We intend to provide a very energetic response to the Portas review. The Government like what she has said, and we have already started to implement a number of her recommendations. I will be coming back to give greater detail on the other items that we have not so far covered, but we have a generally positive attitude towards the report. It is also true to say, however, that in order for her recommendations to work, it would not be sufficient for us simply to put in place all 28 of them. Hon. Members and others should not expect a universal recovery in the high street simply as a result of such action. Retail is much more complex than that, and we need to get to the heart of the reasons that it has suffered so badly.

Hon. Members mentioned the fact that there are two essential factors. The first is the growth of the internet, as recognised by Mary Portas. The second is the growth of the out-of-town shopping stores; again, the report recognises that factor. Both those factors are here to stay, no matter what we do. No one can legislate to get rid of the internet, or to do away with the out-of-town stores. The advantages of the existing high streets therefore need to be played up. The first is the ability of people shopping in the high street to touch and feel products does not exist when they are shopping online, although they could still do that in an out-of-town store.

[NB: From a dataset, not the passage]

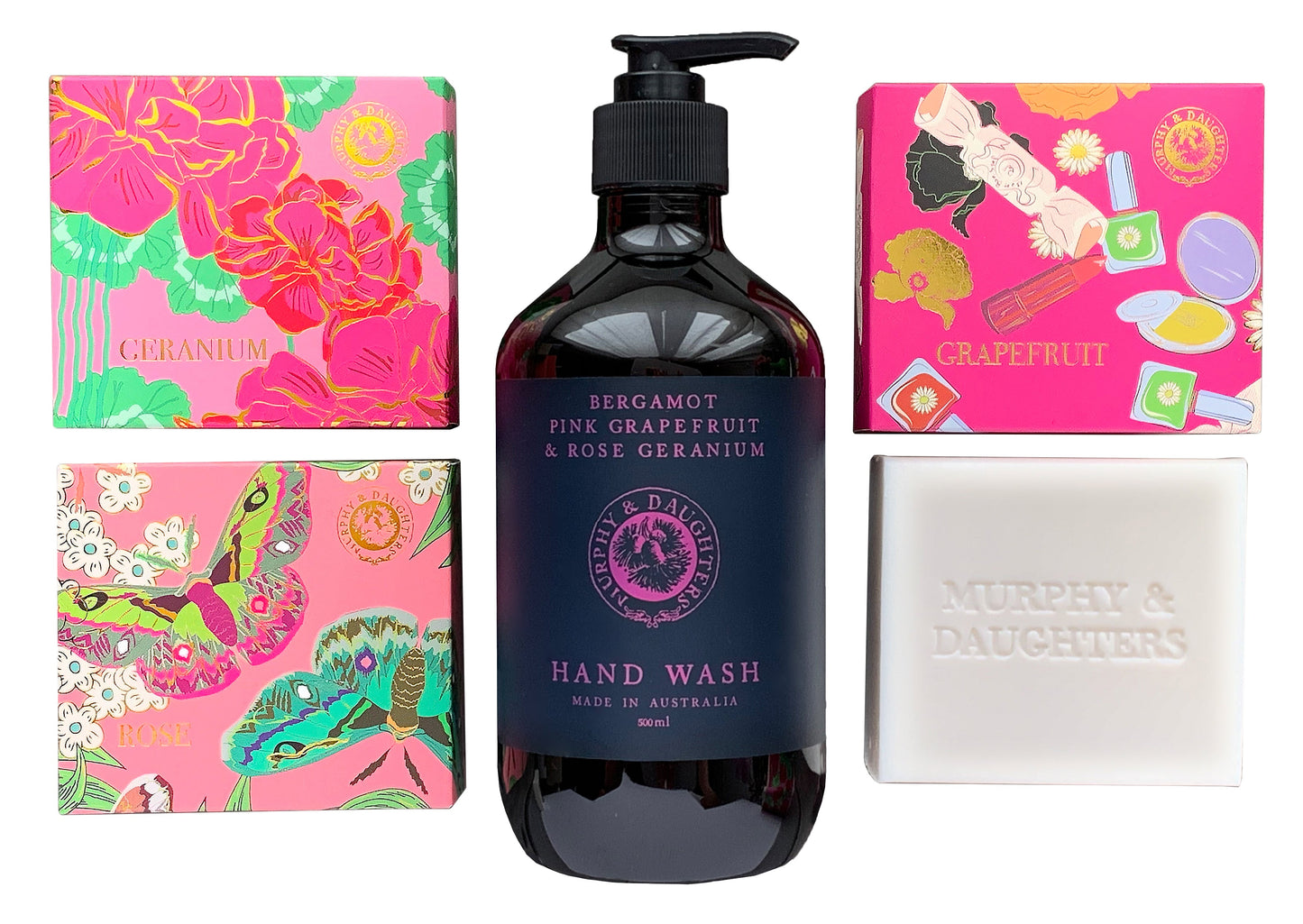 Luxe Hand Washing Soap Pack - 1 Hand Wash Pump In Bergamot, Pink Grapefruit and Rose Geranium and 3 Bars of Soap Murphy & Daughters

The second advantage is perhaps more significant. It is the ability to meet, communicate and enjoy a coffee with friends, and to go to other facilities that are based in the same location. Such facilities could include a local library or, as my hon. Friend the Member for Nuneaton said, a theatre. The high street provides a sense of community and well-being that I will wager could never be provided by the out-of-town stores. They simply do not provide that sense of community and belonging that has been so vividly described by Members across the House today. I have visited many of their constituencies in my role as Housing Minister, and I look forward to visiting many of them again. We have been given a wonderful tour of the country today, and we look forward to seeing those high streets revived. The one pledge that will go out from the Government is that, in addition to implementing as much of the Mary Portas review as possible, we will ask Members from across the House to lead the debate and the renaissance in their constituencies in the months to come just as passionately as they have done in the Chamber today.